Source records
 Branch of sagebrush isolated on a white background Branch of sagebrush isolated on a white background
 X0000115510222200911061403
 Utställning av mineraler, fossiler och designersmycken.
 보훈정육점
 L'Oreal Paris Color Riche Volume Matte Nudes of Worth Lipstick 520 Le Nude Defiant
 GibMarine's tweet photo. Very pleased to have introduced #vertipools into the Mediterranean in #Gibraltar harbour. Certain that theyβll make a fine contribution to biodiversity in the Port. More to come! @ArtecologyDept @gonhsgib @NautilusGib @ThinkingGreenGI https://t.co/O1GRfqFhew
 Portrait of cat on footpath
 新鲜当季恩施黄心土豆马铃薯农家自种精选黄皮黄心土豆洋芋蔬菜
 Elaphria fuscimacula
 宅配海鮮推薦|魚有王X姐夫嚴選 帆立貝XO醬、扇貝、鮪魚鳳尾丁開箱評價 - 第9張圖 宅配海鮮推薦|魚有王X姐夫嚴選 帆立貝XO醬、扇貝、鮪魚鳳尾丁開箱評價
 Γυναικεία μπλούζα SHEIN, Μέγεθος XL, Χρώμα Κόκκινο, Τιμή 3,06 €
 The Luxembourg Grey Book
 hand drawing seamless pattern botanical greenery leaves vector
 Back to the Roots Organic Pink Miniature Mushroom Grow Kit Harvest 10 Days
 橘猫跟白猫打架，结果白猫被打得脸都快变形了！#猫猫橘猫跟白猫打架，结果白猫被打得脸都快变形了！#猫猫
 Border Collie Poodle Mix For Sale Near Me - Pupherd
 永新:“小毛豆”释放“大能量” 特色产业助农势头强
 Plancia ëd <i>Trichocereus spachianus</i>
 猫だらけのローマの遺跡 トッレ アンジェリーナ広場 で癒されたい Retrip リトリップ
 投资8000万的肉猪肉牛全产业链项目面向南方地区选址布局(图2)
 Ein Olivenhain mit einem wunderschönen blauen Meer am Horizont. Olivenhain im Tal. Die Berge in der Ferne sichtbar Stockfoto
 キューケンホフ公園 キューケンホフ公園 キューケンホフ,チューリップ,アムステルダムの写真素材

| Assignment |
Extract the first line above and each line after it up to and including the one with "L'Oreal Paris Color", please, exactly and with nothing else.

| Solution for this problem |
 Branch of sagebrush isolated on a white background Branch of sagebrush isolated on a white background
 X0000115510222200911061403
 Utställning av mineraler, fossiler och designersmycken.
 보훈정육점
 L'Oreal Paris Color Riche Volume Matte Nudes of Worth Lipstick 520 Le Nude Defiant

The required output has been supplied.